They had most of the facts right. If a majority of the free state men would have objected to the claim that they held to abolition doctrines, then they couldn’t argue that they had abolitionists in their midst. Nor could they deny, after so many meetings where they declared it eagerly, that they proposed to nullify the enactments of the proslavery legislature. Forming their own government and writing a constitution counted as open defiance.

So the proslavery men faced a crisis. The laws they enacted to keep Kansas safe for slavery appeared to have little force. The government they instituted for the same purpose now had a rival. Kansas seemed out of control and that anarchy would abet abolition with its economic ruin and race wars. Their enemies came together in an unholy alliance:

Men from the North, bred in an atmosphere of hostility to the Institutions of the South-and from the East, with all the bigotry of the ancient Puritans, their forefathers-and from the South, with their fiery hot blood, and impetuous temper, impotent of any restraint-and the bold Pioneer of the West, rude and uncultivated, have all met on our soil as one common centre, and now compose one distinct political organization.

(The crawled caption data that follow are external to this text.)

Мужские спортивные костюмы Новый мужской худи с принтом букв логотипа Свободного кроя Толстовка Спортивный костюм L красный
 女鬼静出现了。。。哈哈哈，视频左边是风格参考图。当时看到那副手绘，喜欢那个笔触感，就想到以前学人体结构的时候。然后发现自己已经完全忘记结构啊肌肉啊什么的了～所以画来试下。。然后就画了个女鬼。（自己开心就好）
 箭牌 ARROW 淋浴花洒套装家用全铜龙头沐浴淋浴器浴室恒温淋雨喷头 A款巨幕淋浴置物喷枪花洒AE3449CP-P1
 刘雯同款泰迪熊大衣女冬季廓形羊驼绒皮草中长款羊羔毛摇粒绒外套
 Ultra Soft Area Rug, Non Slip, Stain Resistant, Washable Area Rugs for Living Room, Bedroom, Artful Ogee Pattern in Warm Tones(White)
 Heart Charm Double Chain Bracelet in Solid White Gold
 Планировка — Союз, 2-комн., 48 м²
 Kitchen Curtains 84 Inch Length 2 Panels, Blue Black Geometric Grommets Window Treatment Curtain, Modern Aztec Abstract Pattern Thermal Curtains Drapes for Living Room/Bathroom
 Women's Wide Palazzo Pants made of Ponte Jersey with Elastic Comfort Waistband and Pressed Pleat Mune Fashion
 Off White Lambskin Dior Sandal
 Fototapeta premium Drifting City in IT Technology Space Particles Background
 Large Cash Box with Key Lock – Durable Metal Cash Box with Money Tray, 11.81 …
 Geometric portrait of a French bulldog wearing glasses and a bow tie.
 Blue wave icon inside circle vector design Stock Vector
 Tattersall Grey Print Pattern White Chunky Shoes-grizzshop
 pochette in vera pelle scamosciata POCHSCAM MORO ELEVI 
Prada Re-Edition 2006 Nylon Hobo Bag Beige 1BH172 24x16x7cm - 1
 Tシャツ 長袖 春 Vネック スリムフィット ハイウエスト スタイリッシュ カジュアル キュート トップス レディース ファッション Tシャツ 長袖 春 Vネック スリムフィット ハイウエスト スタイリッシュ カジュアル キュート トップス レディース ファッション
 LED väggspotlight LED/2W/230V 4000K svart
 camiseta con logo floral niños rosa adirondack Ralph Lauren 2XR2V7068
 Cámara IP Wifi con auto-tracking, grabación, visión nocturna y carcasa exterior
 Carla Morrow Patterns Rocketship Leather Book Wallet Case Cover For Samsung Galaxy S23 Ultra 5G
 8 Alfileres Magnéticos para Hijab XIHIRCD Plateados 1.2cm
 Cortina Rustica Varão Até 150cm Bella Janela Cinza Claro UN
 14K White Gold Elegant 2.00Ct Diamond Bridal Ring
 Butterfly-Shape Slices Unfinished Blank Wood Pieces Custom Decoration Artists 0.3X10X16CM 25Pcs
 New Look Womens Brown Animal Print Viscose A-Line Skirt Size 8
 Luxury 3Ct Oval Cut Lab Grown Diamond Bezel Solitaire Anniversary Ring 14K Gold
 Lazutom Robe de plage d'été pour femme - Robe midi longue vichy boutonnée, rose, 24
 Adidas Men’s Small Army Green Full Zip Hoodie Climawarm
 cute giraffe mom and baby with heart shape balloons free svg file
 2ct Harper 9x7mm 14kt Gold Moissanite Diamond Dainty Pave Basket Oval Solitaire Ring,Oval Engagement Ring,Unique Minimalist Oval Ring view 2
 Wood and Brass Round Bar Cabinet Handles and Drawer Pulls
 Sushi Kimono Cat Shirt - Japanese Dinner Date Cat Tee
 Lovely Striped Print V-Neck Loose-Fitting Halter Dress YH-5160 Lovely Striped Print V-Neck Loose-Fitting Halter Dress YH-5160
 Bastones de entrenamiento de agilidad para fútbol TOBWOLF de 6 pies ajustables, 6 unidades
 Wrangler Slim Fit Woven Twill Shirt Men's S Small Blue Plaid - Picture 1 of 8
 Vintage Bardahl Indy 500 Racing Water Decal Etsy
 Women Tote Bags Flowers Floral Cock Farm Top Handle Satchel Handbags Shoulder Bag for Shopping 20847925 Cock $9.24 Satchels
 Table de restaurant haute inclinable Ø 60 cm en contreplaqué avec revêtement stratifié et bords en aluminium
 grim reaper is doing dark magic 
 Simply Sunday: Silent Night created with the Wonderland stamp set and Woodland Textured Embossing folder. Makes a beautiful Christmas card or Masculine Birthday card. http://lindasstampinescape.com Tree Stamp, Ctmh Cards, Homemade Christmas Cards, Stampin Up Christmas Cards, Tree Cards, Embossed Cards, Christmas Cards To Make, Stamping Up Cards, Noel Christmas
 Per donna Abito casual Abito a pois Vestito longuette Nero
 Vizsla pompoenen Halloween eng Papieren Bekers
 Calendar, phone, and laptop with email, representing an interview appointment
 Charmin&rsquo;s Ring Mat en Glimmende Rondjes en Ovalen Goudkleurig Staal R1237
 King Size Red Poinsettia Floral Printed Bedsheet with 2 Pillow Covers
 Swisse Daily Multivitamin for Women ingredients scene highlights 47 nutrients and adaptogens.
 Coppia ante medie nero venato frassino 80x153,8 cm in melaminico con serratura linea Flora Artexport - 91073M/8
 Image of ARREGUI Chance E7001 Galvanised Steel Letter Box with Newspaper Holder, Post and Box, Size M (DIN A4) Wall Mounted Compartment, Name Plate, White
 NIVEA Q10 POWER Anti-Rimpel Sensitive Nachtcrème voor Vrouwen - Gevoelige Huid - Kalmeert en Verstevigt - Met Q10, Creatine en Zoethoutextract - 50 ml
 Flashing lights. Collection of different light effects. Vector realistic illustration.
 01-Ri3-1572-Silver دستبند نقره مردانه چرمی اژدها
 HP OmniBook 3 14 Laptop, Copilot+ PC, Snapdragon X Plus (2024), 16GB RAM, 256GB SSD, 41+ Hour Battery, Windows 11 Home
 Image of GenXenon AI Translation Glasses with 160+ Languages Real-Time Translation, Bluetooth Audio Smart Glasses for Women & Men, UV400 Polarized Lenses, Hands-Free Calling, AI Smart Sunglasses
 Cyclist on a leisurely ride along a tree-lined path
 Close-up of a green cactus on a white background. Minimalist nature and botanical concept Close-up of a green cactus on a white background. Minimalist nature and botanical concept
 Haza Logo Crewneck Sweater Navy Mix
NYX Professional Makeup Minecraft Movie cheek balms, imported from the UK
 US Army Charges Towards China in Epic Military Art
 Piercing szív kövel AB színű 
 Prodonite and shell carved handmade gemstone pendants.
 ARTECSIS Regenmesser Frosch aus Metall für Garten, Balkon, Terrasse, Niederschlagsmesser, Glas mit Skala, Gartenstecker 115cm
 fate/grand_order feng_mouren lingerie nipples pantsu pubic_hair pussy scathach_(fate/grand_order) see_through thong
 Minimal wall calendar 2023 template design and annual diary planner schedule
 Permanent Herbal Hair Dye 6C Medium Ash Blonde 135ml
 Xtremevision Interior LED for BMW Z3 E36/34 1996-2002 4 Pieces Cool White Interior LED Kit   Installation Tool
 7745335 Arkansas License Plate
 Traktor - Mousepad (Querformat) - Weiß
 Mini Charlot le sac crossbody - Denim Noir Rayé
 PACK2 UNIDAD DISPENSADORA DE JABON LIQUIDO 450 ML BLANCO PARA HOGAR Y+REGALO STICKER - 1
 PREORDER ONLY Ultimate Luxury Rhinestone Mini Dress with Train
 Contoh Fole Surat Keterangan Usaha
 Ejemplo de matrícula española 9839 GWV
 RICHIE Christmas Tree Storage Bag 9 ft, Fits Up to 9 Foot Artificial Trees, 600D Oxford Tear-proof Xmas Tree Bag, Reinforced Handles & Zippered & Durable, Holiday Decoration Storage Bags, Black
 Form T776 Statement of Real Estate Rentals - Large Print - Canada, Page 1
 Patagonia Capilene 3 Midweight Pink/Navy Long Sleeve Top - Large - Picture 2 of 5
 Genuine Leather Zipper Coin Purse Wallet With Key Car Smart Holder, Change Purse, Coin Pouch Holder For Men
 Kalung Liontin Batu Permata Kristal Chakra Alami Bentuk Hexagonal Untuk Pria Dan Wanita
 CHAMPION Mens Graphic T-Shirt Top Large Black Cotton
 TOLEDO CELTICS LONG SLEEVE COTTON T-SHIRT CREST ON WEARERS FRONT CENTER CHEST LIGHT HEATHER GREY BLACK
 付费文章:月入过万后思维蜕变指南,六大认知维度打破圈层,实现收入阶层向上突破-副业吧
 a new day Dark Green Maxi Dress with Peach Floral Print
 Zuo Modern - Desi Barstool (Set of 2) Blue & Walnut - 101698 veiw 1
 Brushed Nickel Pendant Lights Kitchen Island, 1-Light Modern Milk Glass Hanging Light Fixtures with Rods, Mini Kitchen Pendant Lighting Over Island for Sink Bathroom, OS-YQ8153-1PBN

Here the proslavery men had the worst of all worlds: Northeastern Puritan hatred and religious fanaticism joined to the rage of a son of the South joined to the rude, rough ways of the West. Everything a proslavery man might fear, and one thing he might otherwise have relied on, came together against him as a single body. In defiance of all expectations, these disparates maintained and strengthened their unity, “settled down with a community of mutual brotherly love.”

John Stringfellow, Speaker of the House of Kansas

John Stringfellow, Speaker of the House of Kansas

Despite all of that, Kansas had enjoyed the blessings of good government. The strength of the American character and its commitment “to live in harmony and in accordance with the eternal principles of justice and right” had ruled over the “grosser passions” of Kansans to date. Kansas “advanced rapidly in all things tending to develope the greatness of her future destiny”. The “boundless resources” of the “lovely plains” promised a pleasant and lucrative future to all.

It would be unbecoming the settlers of such a domain to lose all the advantages they are sure to reap, by permitting anarchy and confusion to run riot and dispel the law-abiding portion of the community. Rather let all the lovers of Law and Order combine to resist the efforts which are now being made to throw distraction in our midst. Let us with firm composure assure those who are now opposing us, that treason cannot find a resting place in Kansas,-without a straight maintenance of law and order, there can be no security for our persons or property.

Kansas had a wonderful future ahead of it but the abolitionists would burn it all to the ground if given half a chance. It fell on good, patriotic Kansans to unite for law and order or the Black Republicans and their fellow travelers would destroy it all.